Data records:
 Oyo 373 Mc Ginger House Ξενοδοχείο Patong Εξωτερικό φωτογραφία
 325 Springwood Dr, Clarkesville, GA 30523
---
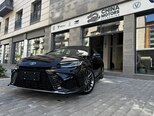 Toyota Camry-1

Your objective: Considering only the material above, set down every line from the one with "Oyo 373 Mc Ginger" to the one with "325 Springwood Dr, Clarkesville, GA 30523", inclusive, exactly as written.

Answer to this problem:
 Oyo 373 Mc Ginger House Ξενοδοχείο Patong Εξωτερικό φωτογραφία
 325 Springwood Dr, Clarkesville, GA 30523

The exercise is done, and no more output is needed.